BEGIN Excerpted data

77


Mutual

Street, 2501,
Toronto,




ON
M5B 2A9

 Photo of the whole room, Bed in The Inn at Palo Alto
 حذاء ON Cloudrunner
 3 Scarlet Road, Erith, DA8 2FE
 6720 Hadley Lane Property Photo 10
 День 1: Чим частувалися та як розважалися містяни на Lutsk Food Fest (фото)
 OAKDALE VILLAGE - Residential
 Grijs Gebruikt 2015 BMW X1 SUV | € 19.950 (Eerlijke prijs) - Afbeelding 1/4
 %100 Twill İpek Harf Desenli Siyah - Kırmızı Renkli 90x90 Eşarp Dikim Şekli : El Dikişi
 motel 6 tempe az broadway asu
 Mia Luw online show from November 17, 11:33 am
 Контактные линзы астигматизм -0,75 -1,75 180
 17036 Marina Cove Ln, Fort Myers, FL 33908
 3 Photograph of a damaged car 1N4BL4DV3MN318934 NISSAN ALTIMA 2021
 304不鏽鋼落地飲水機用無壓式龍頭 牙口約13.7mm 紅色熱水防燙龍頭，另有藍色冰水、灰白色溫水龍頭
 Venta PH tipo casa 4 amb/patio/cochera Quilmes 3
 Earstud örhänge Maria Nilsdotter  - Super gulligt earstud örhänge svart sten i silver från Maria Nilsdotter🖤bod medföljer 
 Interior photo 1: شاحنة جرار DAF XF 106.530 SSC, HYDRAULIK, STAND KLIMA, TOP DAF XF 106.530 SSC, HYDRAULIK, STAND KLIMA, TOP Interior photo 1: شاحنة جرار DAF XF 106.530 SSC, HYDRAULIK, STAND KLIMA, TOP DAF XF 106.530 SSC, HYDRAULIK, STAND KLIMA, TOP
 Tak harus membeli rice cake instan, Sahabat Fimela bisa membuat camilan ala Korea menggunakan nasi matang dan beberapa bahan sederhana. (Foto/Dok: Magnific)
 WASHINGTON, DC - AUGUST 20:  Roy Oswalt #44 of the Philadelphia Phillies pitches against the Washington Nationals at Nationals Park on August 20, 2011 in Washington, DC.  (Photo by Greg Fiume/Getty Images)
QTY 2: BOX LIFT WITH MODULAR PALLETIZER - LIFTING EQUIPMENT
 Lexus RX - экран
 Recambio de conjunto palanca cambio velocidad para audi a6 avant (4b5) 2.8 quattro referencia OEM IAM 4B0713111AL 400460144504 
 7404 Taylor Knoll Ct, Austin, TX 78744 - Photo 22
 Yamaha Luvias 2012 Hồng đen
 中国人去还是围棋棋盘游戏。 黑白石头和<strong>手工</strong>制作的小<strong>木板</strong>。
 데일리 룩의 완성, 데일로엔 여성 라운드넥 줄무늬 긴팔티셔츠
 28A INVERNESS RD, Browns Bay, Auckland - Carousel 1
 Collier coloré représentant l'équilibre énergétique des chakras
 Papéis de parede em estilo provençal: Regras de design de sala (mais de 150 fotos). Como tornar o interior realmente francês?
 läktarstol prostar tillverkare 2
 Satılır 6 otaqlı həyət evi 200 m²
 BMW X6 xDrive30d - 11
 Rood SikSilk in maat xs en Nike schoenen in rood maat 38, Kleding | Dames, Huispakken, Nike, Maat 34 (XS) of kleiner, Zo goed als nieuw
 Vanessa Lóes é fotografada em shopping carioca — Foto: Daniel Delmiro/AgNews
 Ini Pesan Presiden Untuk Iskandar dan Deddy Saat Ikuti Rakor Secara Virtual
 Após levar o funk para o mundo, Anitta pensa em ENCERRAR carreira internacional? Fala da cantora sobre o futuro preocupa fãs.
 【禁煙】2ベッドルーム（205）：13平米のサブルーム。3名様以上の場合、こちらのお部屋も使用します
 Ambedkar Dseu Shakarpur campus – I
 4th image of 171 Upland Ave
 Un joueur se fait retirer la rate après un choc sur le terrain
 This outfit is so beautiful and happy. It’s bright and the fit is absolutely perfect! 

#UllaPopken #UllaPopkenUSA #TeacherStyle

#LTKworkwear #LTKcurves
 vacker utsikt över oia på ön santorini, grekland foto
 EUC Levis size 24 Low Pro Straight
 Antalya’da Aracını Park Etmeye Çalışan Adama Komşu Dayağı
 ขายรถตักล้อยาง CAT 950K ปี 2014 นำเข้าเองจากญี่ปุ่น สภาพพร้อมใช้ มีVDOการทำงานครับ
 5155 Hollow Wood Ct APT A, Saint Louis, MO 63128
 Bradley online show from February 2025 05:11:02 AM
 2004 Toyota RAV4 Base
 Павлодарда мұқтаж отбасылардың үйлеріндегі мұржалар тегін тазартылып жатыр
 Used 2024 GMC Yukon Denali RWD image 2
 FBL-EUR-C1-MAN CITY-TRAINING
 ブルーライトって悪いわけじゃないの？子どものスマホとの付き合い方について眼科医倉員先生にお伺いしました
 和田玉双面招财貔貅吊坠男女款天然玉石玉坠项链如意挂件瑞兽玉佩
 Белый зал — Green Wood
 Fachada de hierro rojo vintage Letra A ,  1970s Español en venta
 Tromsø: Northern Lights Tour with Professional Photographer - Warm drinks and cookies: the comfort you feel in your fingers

END Excerpted data

* Task to carry out: Return exactly the lines above from the line that has "2004 Toyota RAV4 Base" through the line that has "Fachada de hierro", inclusive, and nothing else.

* Written answer:
 2004 Toyota RAV4 Base
 Павлодарда мұқтаж отбасылардың үйлеріндегі мұржалар тегін тазартылып жатыр
 Used 2024 GMC Yukon Denali RWD image 2
 FBL-EUR-C1-MAN CITY-TRAINING
 ブルーライトって悪いわけじゃないの？子どものスマホとの付き合い方について眼科医倉員先生にお伺いしました
 和田玉双面招财貔貅吊坠男女款天然玉石玉坠项链如意挂件瑞兽玉佩
 Белый зал — Green Wood
 Fachada de hierro rojo vintage Letra A ,  1970s Español en venta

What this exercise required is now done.